Id. at 995 n.5. Similarly, in United States v. Braasch, supra, 505 F.2d at 151, Mr. Justice Clark wrote for this court: "So long as the motivation for the payment focuses on the recipient's office, the conduct falls within the ambit of 18 U.S.C. § 1951. That such conduct may also constitute 'classic bribery' is not a relevant consideration." Though some cases contain language arguably contrary to this position, e. g., United States v. Adcock, 558 F.2d 397, 403-04 (8th Cir.), cert. denied, 434 U.S. 921, 98 S.Ct. 395, 54 L.Ed.2d 277 (1977), we adhere to the view expressed in Braasch. Price accepted money wrongfully and with the knowledge that it was paid to induce him to perform or to fail to perform official functions. This was enough to constitute extortion under the Hobbs Act.

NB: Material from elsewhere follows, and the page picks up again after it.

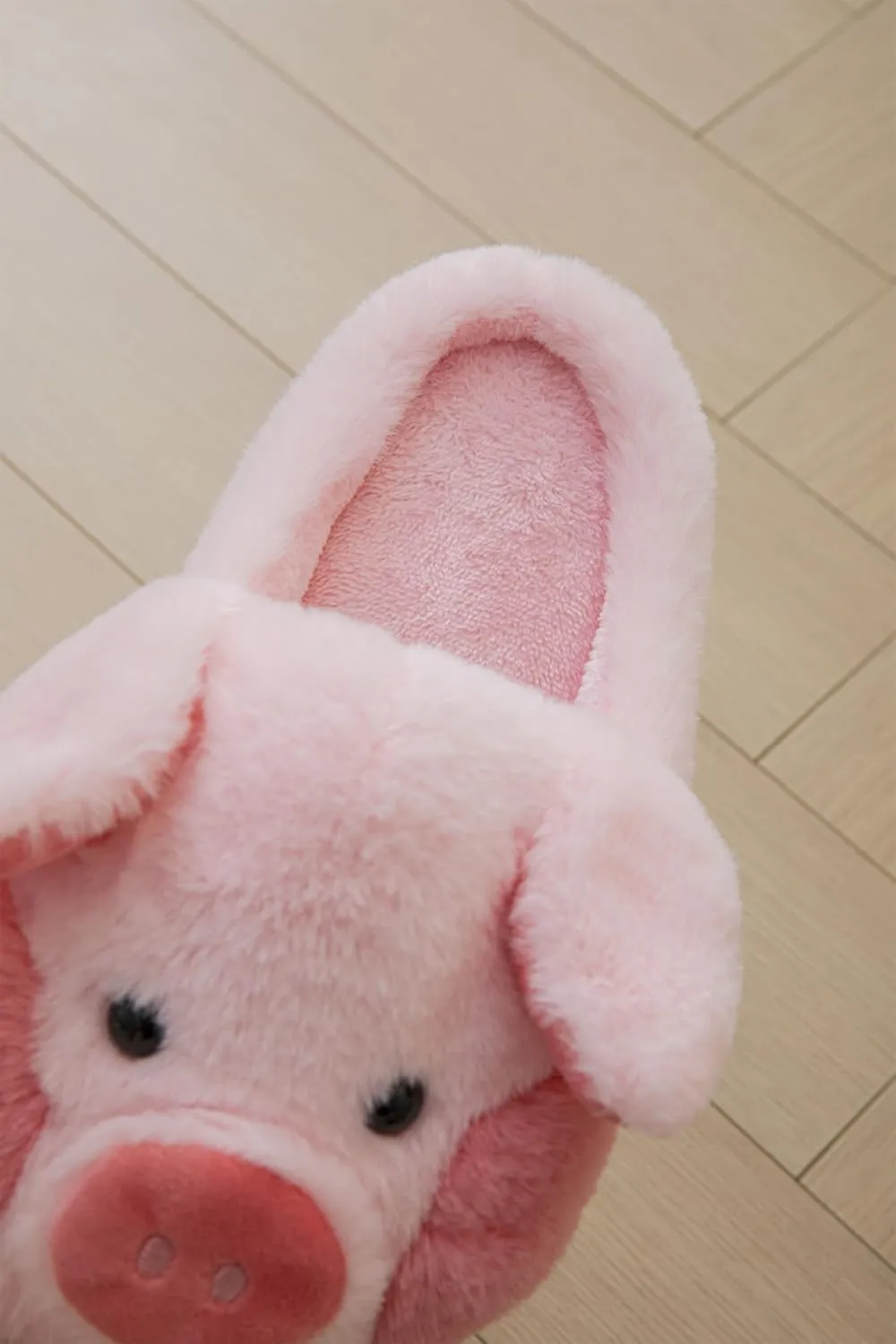 YILANLAN Adult Cotton Slippers PIg Slippers Home Slippers Plush Slippers Animal Slippers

C. The Right to Cross-Examine Witnesses
Defendant next argues that the trial judge improperly restricted his cross-examination of the witness Harper by refusing to permit a question asking the witness whether he and federal officials had discussed his failure to file income tax returns. The ultimate goal of this line of inquiry, we are told, was to determine whether the witness had been influenced by an expectation or hope of leniency concerning his tax reporting omissions. The ruling was not reversible error. In United States v. Amabile, 395 F.2d 47, 50-52 (7th Cir. 1968), vacated and remanded on other grounds sub nom., Giordano v. United States, 394 U.S. 310, 89 S.Ct. 1163, 22 L.Ed.2d 297 (1969), we held that it was not error to refuse to permit a defendant to impeach a government witness with evidence that, inter alia, the witness was being investigated by federal tax authorities. The court there concluded that the attempt to inquire into tax matters was of "slight bearing on the bias and credibility" of the witness, 395 F.2d at 52 n.4 (quoting District of Columbia v. Clawans, 300 U.S. 617, 632, 57 S.Ct. 660, 665, 81 L.Ed. 843 (1937)), because the United States Attorney does not control Internal Revenue Service investigations and because such investigations "are common and usually involve no threat of an indictment." 395 F.2d at 51. We believe Amabile controls the instant case. Price's counsel sought to impeach Harper with material even less indicative of bias than that present in Amabile. Harper was, apparently, not even the subject of an IRS investigation.
Also, in the case at bar the particular question asked was merely preliminary to the ultimate question of whether Harper had been influenced by an expectation or hope of leniency. The trial judge recognized the legitimacy of the ultimate inquiry into bias, as is demonstrated by the cross-examination of the witness Lumovic, and presumably would have permitted such an inquiry of Harper if it had been attempted. Thus, although we cannot concur in the trial judge's view that defense counsel's preliminary question concerning a meeting with government officials was improperly suggestive, the record as a whole does not support the claim of error.
Finally, we note that defense counsel was able to bring out the fact that Harper failed to file income tax returns in 1977 and perhaps in 1976. The jury was thus likely to infer that Harper's vulnerability to prosecution would tend to have a chastening effect on his testimony. We doubt that anything Harper might have said would have added much. In view of all this, we cannot say that Harper's Sixth Amendment rights were violated.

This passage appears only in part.